The conversion rate for the Inseego Notes is 212.7660 shares of common stock per $1,000 principal amount of the Inseego Notes, which corresponds to a conversion price of $4.70 per share of the Company’s common stock. The conversion rate is subject to adjustment from time to time upon the occurrence of certain events, including, but not limited to, the issuance of stock dividends and payment of cash dividends.
The Company may redeem all or a portion of the Inseego Notes at its option if the last reported sale price per share of the Company’s common stock equals or exceeds 140% of the conversion price for each of at least 20 trading days (whether or not consecutive) during the 30 consecutive trading days ending on, and including, the trading day immediately prior to the date on which the Company provides written notice of redemption, at a redemption price equal to 100% of the principal amount of the Inseego Notes to be redeemed, plus any accrued and unpaid interest on such Inseego Notes, subject to the right of holders as of
the close of business on an interest record date to receive the related interest. In addition, if the Company calls the Inseego Notes for redemption, a “make-whole fundamental change” (as defined in the Inseego Indenture) will be deemed to occur. As a result, the Company will, in certain circumstances, increase the conversion rate for holders who convert their Inseego Notes in connection with such redemption.
The Inseego Notes are subject to repurchase by the Company at the election of each holder on June 15, 2020 (the “Optional Repurchase Date”) at a repurchase price in cash equal to 100% of the principal amount of the Inseego Notes to be repurchased, plus accrued and unpaid interest to, but excluding, the Optional Repurchase Date, subject to the right of holders of the Inseego Notes on a record date to receive interest through the corresponding interest payment date. On March 6, 2020, the holders of substantially all of the outstanding indebtedness under the notes agreed to waive their optional right to require the Company to repurchase the notes on the Optional Repurchase Date.
On March 3, 2020 the Company and the Trustee entered into a First Supplemental Indenture which eliminated certain covenants in the Inseego Indenture prohibiting the incurrence of certain indebtedness and certain restricted payments.
The Inseego Indenture also provides for customary events of default. If an event of default (other than certain events of bankruptcy, insolvency or reorganization involving the Company) occurs and is continuing, the Trustee, by notice to the Company, or the holders of at least 25% in principal amount of the outstanding Inseego Notes, by notice to the Company and the Trustee, may declare the principal and accrued and unpaid interest on the outstanding Inseego Notes to be immediately due and payable.
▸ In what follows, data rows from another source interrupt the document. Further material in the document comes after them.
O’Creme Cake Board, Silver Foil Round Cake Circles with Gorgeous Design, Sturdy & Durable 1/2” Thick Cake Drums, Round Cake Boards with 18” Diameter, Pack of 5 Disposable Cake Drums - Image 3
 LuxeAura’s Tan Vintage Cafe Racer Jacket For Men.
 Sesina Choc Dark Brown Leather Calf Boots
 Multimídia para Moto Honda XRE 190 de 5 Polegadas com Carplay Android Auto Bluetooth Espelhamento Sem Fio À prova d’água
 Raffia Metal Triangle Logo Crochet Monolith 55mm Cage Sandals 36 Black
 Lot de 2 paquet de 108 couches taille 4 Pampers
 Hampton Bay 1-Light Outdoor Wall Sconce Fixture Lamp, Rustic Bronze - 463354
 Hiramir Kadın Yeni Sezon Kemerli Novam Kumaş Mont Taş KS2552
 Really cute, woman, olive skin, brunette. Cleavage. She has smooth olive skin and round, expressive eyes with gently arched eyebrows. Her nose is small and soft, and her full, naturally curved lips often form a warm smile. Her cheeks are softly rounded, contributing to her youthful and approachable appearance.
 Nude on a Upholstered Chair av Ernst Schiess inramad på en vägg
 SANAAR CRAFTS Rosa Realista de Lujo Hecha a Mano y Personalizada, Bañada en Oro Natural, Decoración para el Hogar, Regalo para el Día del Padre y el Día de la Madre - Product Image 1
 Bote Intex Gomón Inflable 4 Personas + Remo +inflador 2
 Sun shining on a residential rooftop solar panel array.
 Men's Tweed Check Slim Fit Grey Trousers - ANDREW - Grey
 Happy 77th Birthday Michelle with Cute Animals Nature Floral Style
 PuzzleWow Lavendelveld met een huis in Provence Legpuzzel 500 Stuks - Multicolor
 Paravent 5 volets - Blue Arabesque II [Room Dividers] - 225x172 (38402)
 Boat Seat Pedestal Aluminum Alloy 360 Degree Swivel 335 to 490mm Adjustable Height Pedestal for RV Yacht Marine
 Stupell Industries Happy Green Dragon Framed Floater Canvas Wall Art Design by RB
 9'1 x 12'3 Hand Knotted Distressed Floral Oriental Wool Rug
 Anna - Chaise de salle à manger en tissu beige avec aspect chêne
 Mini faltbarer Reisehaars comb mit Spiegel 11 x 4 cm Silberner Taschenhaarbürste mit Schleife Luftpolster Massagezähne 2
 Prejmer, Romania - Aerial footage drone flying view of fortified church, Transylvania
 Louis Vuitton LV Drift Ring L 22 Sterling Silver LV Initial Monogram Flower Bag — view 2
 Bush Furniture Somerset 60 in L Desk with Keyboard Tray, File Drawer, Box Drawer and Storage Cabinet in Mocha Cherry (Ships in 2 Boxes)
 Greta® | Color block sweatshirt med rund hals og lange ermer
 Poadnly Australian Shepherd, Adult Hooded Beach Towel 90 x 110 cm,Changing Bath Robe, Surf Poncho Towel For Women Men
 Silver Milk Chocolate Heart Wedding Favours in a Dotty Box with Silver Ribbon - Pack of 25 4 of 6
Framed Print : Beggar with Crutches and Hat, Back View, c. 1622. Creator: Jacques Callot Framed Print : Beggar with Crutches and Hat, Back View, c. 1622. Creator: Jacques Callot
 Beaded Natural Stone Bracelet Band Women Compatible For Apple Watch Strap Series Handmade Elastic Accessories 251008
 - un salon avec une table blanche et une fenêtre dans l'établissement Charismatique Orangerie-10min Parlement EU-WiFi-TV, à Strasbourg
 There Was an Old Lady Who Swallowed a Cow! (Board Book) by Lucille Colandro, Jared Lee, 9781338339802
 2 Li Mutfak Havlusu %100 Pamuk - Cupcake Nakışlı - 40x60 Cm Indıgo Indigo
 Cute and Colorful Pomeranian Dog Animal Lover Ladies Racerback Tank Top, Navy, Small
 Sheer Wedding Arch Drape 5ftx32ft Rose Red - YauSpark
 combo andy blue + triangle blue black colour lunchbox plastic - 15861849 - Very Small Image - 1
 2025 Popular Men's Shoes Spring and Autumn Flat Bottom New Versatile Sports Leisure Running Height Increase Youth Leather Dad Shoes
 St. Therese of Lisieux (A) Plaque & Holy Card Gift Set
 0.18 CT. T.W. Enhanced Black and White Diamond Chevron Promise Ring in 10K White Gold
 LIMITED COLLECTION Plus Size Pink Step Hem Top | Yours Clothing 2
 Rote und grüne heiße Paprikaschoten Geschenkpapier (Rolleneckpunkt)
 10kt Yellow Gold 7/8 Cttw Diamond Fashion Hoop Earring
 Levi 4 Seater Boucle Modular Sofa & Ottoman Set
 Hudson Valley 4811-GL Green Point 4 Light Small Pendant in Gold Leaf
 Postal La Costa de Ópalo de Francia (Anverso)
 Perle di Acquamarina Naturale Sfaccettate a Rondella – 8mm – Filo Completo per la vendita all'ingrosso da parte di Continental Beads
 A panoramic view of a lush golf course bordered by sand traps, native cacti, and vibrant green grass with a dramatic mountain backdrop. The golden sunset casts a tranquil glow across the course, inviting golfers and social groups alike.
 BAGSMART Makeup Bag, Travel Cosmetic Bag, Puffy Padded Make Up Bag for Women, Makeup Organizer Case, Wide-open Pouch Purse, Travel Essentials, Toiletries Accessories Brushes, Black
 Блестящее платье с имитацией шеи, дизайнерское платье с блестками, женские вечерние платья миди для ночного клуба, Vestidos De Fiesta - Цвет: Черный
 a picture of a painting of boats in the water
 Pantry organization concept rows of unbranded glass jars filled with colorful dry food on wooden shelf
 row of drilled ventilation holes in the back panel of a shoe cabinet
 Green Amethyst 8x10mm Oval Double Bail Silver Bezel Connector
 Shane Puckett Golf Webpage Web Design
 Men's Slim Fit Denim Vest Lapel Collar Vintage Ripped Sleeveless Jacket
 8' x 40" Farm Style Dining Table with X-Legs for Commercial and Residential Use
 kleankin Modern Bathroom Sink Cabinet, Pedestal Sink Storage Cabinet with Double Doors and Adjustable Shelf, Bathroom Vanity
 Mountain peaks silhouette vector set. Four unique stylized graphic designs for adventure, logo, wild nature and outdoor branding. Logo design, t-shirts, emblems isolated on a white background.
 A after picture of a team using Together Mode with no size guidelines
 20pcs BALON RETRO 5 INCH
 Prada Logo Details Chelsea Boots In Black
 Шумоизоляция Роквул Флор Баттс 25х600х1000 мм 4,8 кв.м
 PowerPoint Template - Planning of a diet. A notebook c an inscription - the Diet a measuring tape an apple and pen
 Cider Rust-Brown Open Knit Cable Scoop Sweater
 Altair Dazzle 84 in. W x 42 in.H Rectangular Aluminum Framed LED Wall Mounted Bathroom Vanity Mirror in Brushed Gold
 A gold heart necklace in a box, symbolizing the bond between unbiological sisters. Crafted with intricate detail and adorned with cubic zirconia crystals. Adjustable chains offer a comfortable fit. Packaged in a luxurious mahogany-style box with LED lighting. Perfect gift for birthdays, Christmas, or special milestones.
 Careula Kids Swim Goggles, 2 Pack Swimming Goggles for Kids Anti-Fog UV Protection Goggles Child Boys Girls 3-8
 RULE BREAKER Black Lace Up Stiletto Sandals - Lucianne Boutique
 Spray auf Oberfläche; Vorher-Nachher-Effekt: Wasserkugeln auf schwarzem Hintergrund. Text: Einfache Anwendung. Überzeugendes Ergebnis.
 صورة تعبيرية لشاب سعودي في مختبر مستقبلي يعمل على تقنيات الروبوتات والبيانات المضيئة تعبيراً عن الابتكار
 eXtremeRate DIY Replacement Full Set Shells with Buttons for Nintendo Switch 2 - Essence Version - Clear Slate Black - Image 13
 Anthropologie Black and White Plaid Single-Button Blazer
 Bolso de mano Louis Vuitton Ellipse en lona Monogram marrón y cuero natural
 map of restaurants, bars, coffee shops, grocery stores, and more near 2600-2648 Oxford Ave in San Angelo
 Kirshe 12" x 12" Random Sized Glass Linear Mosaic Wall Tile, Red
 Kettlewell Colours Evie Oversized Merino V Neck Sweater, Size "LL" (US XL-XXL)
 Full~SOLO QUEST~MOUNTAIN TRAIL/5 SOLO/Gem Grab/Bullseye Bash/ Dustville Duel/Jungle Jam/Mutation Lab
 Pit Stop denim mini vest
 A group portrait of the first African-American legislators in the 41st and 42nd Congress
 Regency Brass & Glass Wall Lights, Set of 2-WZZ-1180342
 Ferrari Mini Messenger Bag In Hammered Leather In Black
Upon the occurrence of certain events of bankruptcy, insolvency or reorganization involving the Company, 100% of the principal and accrued and unpaid interest of the Inseego Notes will automatically become immediately due and payable. Notwithstanding the foregoing, the Inseego Indenture provides that, to the extent the Company elects and for up to 60 days, the sole remedy for an event of default relating to certain failures by the Company to comply with certain reporting covenants consists exclusively of the right to receive special interest on the Inseego Notes at a rate equal to 0.50% per annum on the principal amount of the outstanding Inseego Notes.
Because the exchange of the Novatel Wireless Notes for the Inseego Notes described above was treated as a debt modification in accordance with applicable FASB guidance (it was between a parent and a subsidiary company and for substantially identical notes), the Company did not recognize a gain or loss with respect to the issuance of the Inseego Notes. In accordance with authoritative guidance, the Company recognized $3.6 million as an additional component of debt discount and additional paid-in capital attributed to the increase in the fair value of the embedded conversion feature of the Inseego Notes before and after modification. The Company will amortize the debt discount on the Inseego Notes as a component of interest expense using the effective interest method through June 2020.
During the three months ended March 31, 2020, the Company entered into privately-negotiated exchange agreements with certain investors holding the Inseego Notes. Pursuant to the exchange agreements, the investors exchanged $59.9 million in aggregate principal amount of outstanding Inseego Notes for 13,688,876 shares of the Company’s common stock, par value $0.001 per share. The investors agreed to waive any accrued but unpaid interest on the exchanged Inseego Notes.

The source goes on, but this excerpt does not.